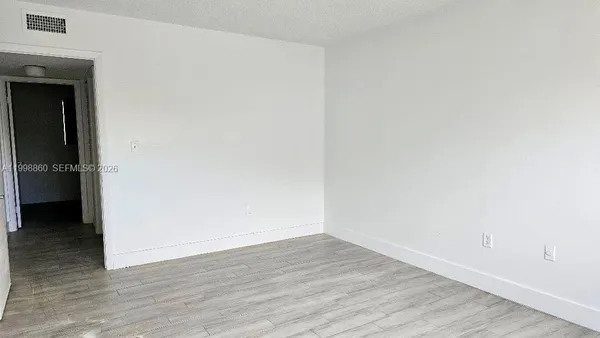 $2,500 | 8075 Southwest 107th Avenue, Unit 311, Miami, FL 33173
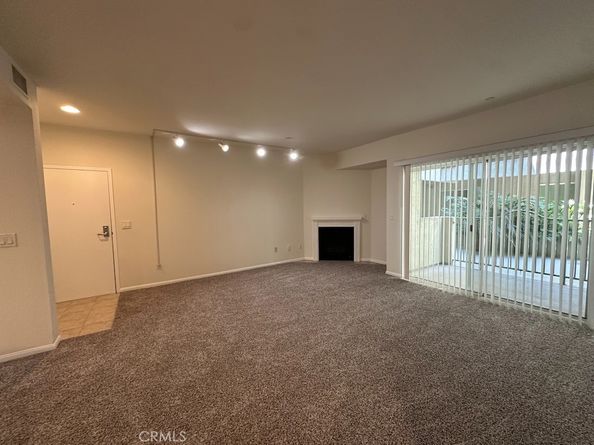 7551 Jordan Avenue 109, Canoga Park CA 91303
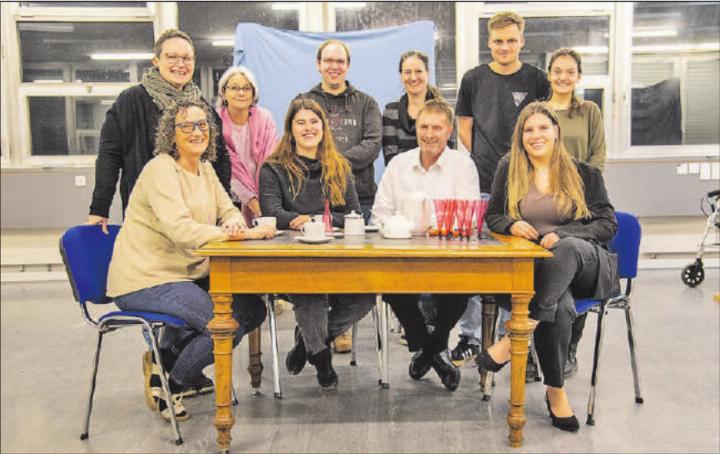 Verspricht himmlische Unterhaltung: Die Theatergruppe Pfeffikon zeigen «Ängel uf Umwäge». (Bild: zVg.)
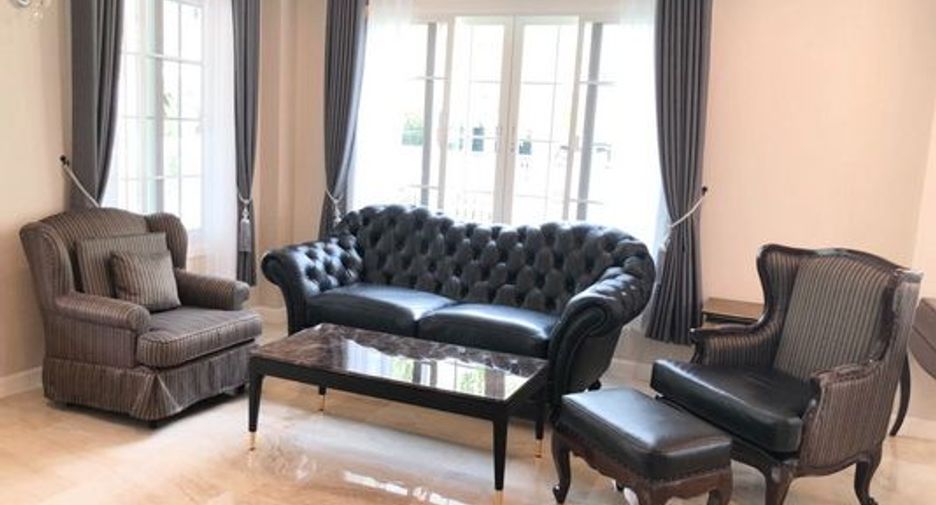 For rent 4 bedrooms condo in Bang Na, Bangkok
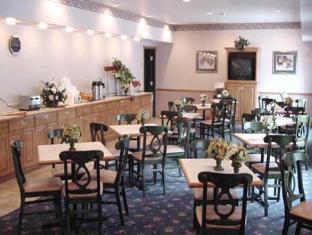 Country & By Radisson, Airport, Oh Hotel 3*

* [EXERCISE GOAL]
Write the data out again exactly, but without its images.

* [PROBLEM SOLUTION]
 $2,500 | 8075 Southwest 107th Avenue, Unit 311, Miami, FL 33173
 7551 Jordan Avenue 109, Canoga Park CA 91303
 Verspricht himmlische Unterhaltung: Die Theatergruppe Pfeffikon zeigen «Ängel uf Umwäge». (Bild: zVg.)
 For rent 4 bedrooms condo in Bang Na, Bangkok
 Country & By Radisson, Airport, Oh Hotel 3*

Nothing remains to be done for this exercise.